→ What you need to do
Write out every entry, unchanged. Skip any picture.

Records drawn from a dataset:
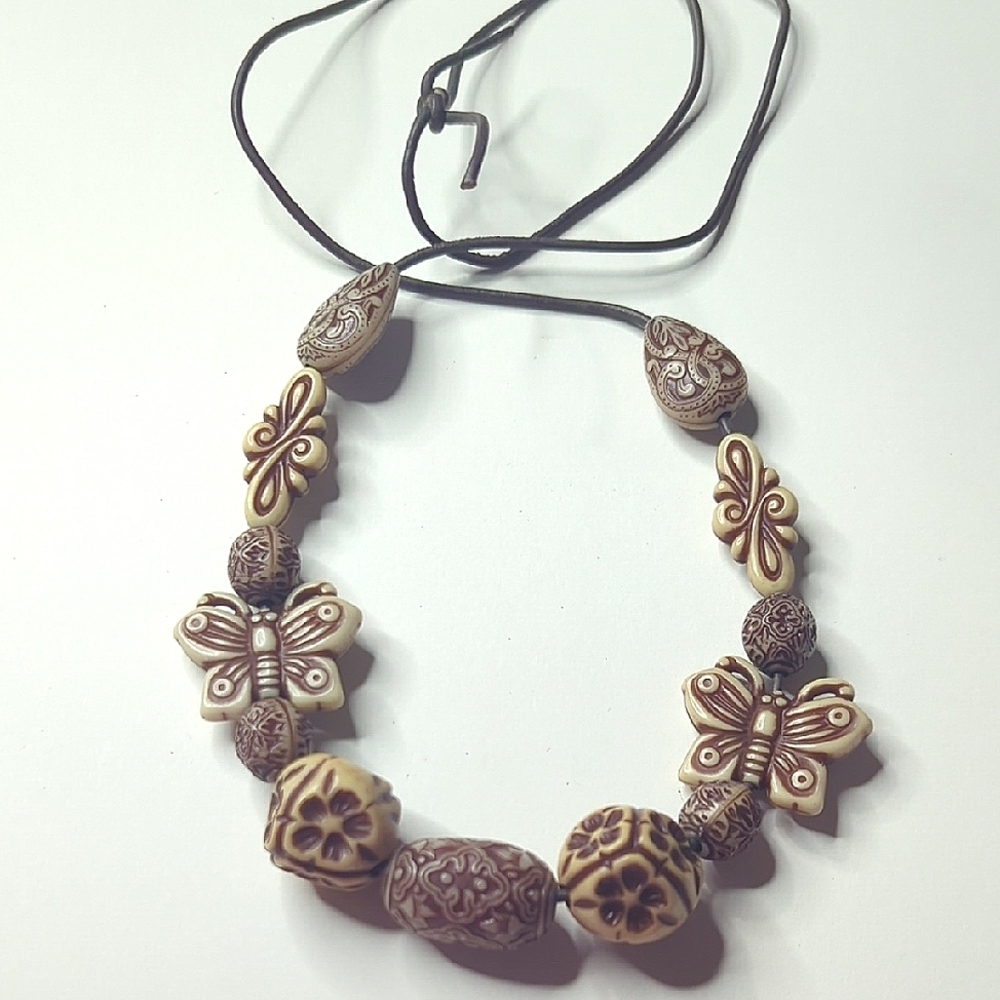 ❤️5/$25 Elegant Brown and Cream Beaded Necklace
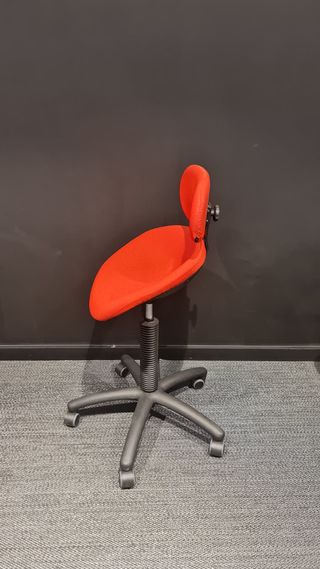 Taburete de oficina naranja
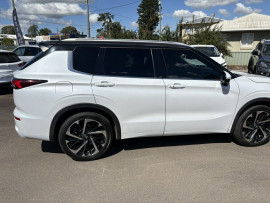 2022 Mitsubishi Outlander ZM Exceed Tourer SUV image 16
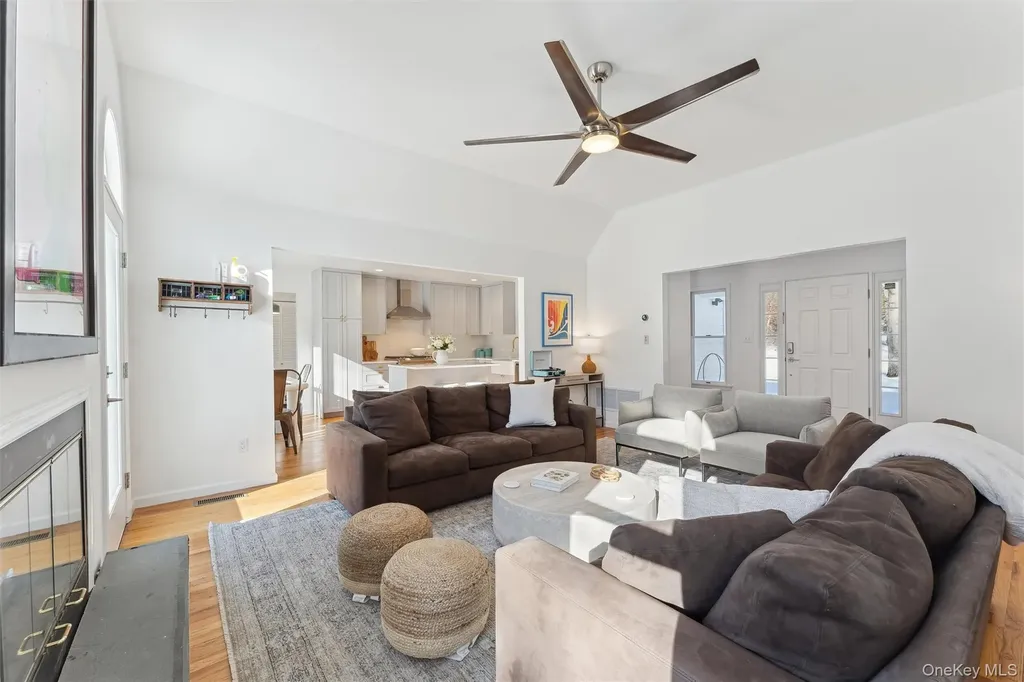 14 Hildreth Road Hampton Bays NY 11946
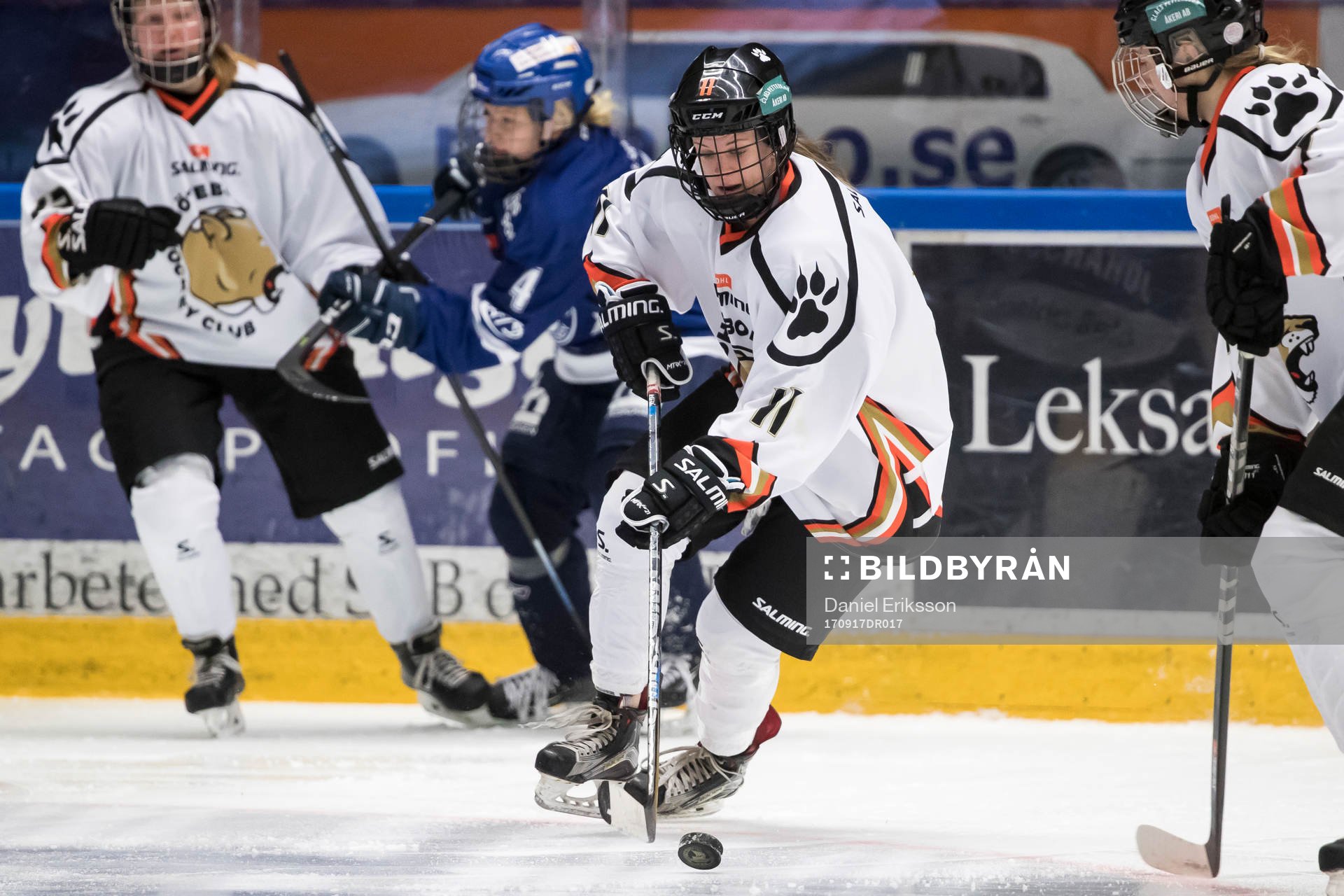 Göteborgs Caitlin Gilligan med pucken i ishockeymatchen i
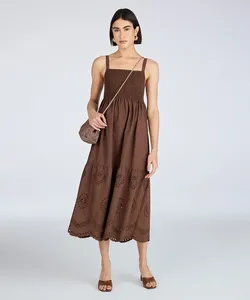 vestido midi alça fina feminino de algodão com recorte bordado marrom PP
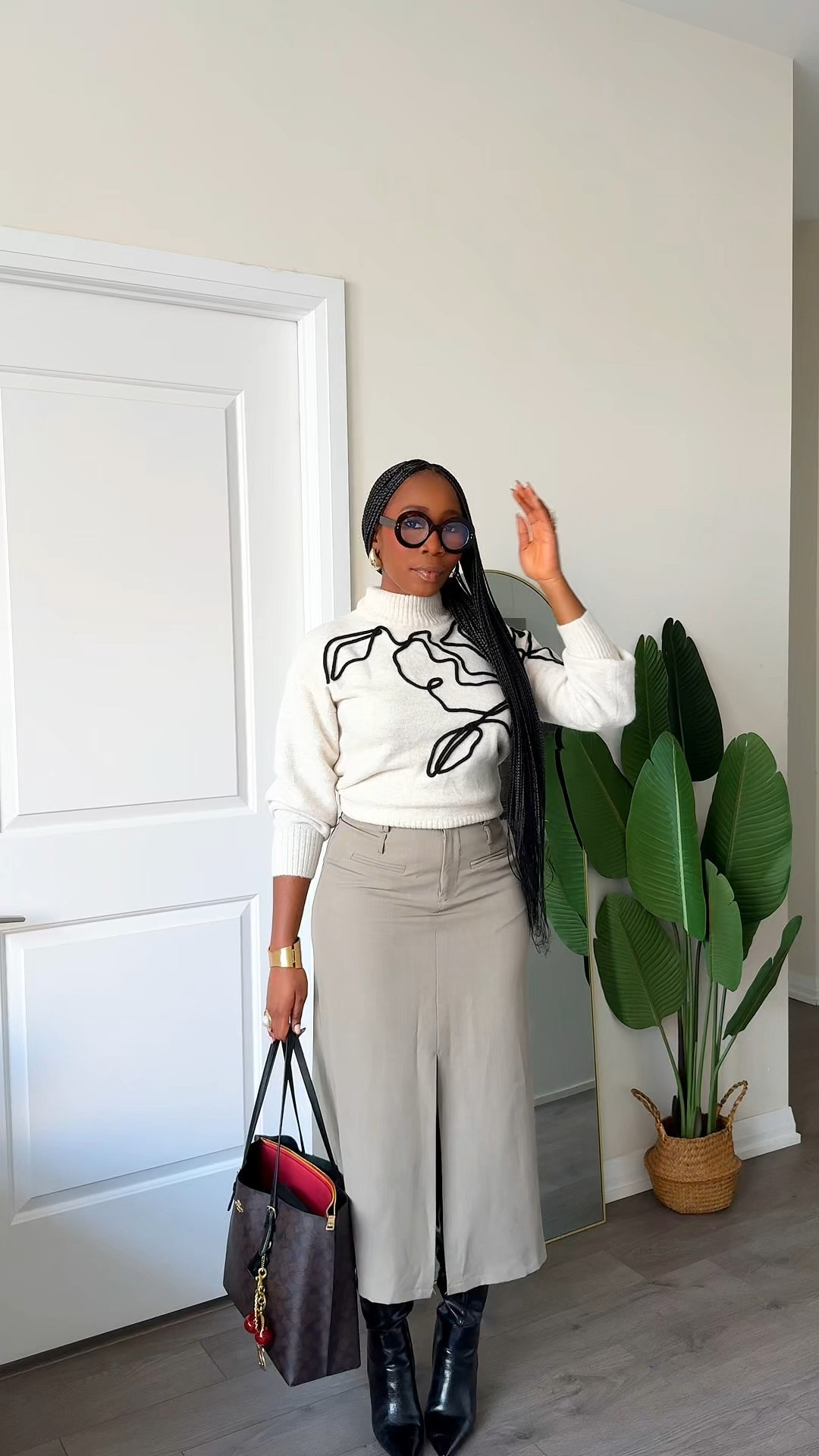 Wearing skirts to work this season might be hard. But pairing it with boots make all the difference. 😍

Do you wear skirts in winter, and how do you style it so you don’t feel cold?

Outfit deets linked.

#workoutfits #winterworkwear #winterootd #winterlook #winterinspo 

#LTKcanada #LTKFashionMonth #LTKwinter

→ Answer to the problem
 ❤️5/$25 Elegant Brown and Cream Beaded Necklace
 Taburete de oficina naranja
 2022 Mitsubishi Outlander ZM Exceed Tourer SUV image 16
 14 Hildreth Road Hampton Bays NY 11946
 Göteborgs Caitlin Gilligan med pucken i ishockeymatchen i
 vestido midi alça fina feminino de algodão com recorte bordado marrom PP
 Wearing skirts to work this season might be hard. But pairing it with boots make all the difference. 😍

Do you wear skirts in winter, and how do you style it so you don’t feel cold?

Outfit deets linked.

#workoutfits #winterworkwear #winterootd #winterlook #winterinspo 

#LTKcanada #LTKFashionMonth #LTKwinter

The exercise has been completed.